Description of the task: Restate all of the following data exactly, keeping any images out of the copy.

══════

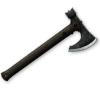 WEAPON_BATTLEAXE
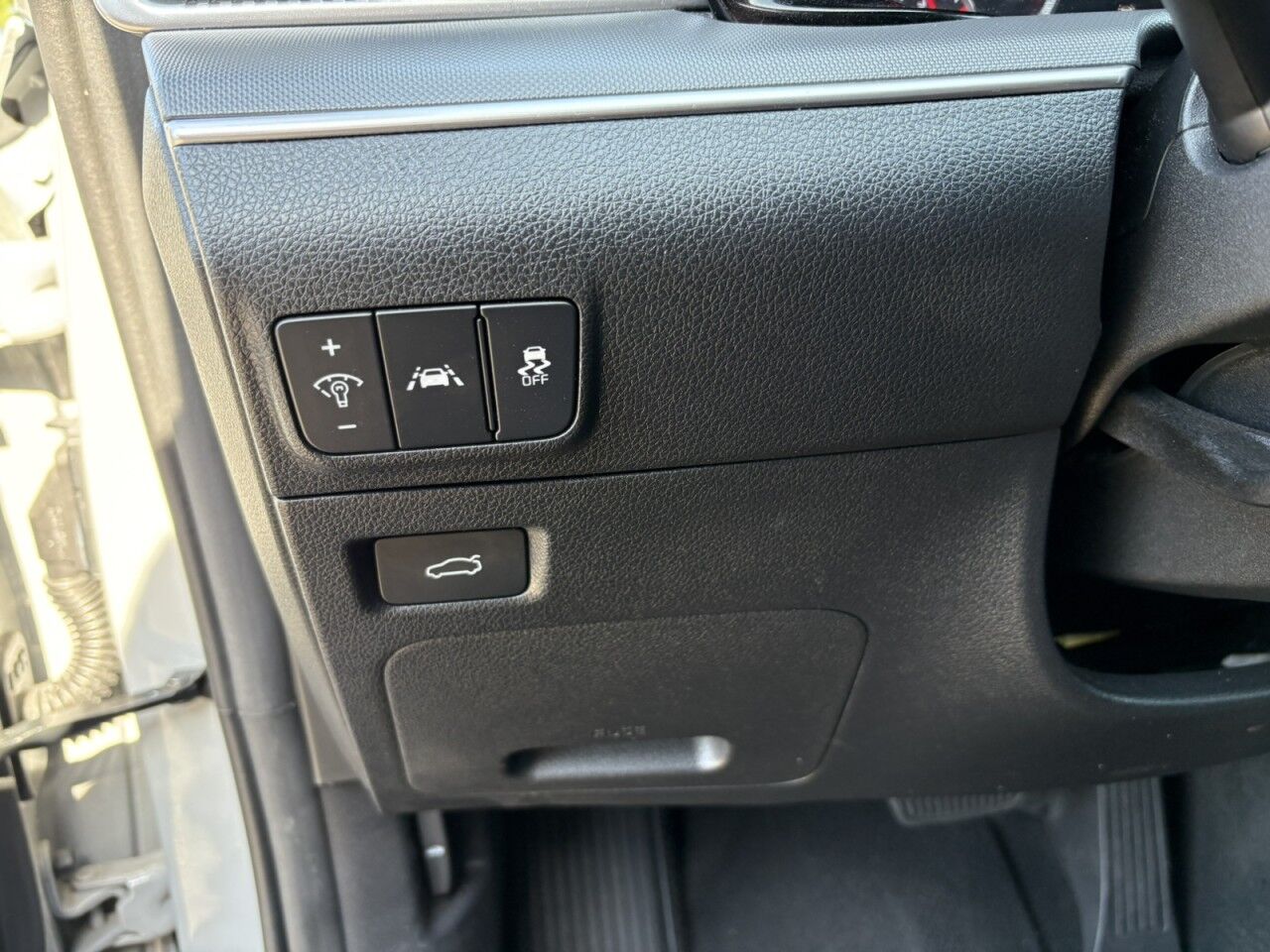 2024 Kia K5 GT-Line Miami FL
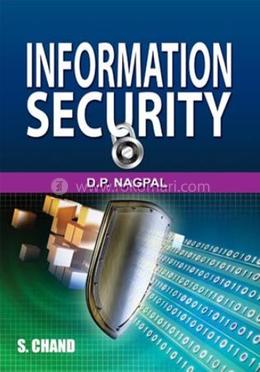 Information Security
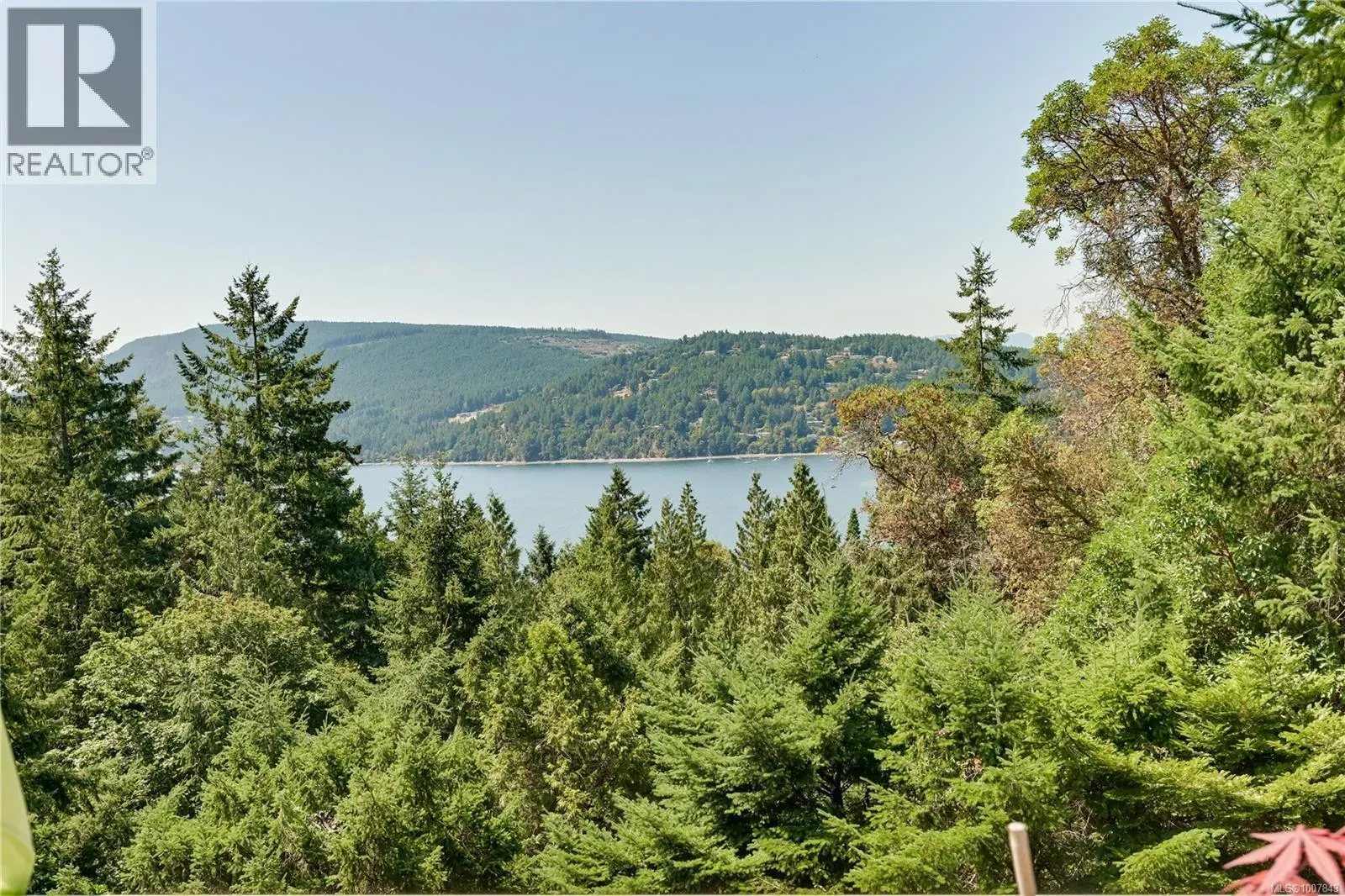 567 Maple Mountain Rd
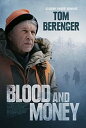【輸入盤ブルーレイ】【新品】BLOOD & MONEY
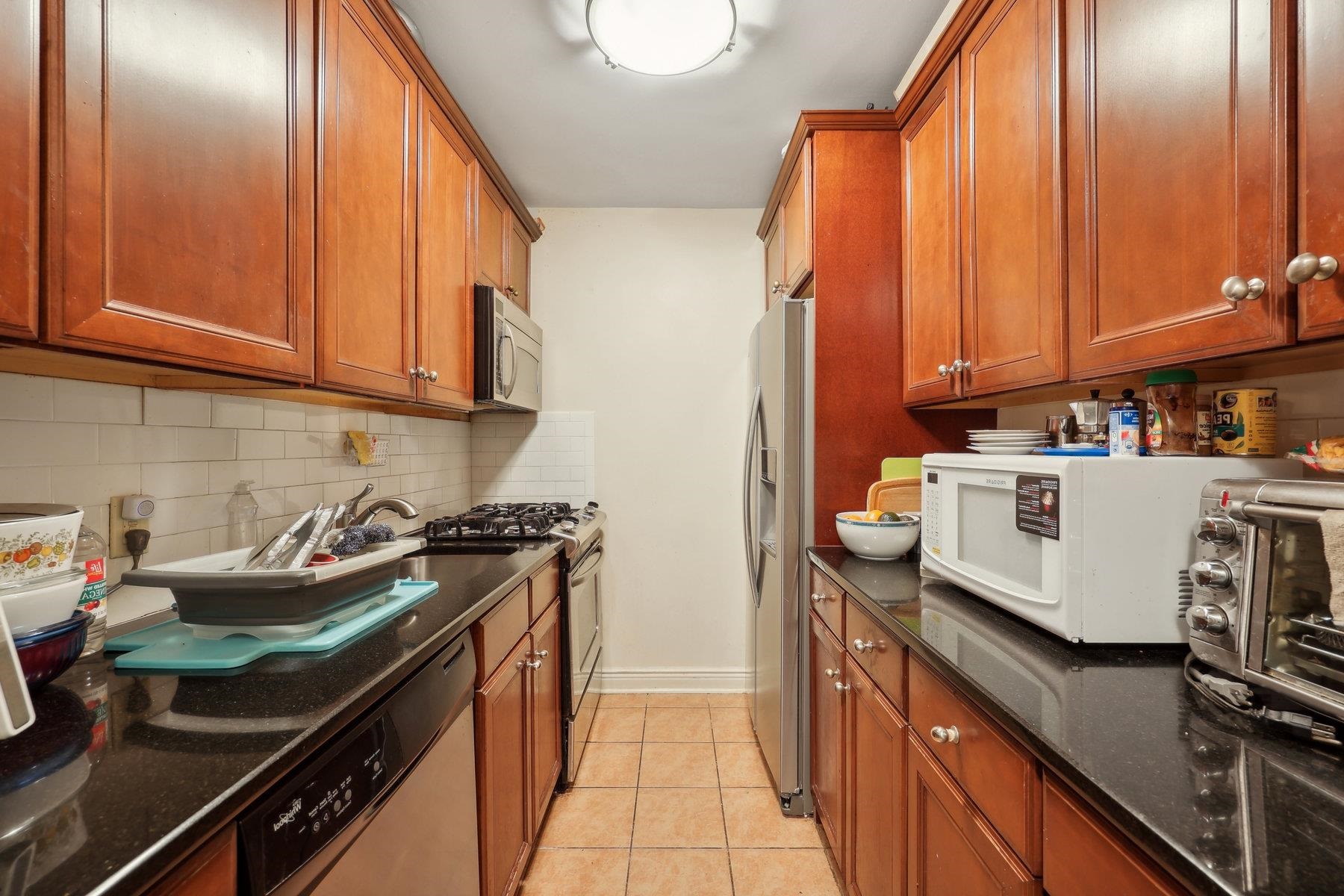 500 Central Ave #1713, Union City, New Jersey image 2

══════

Response area:
 WEAPON_BATTLEAXE
 2024 Kia K5 GT-Line Miami FL
 Information Security
 567 Maple Mountain Rd
【輸入盤ブルーレイ】【新品】BLOOD & MONEY
 500 Central Ave #1713, Union City, New Jersey image 2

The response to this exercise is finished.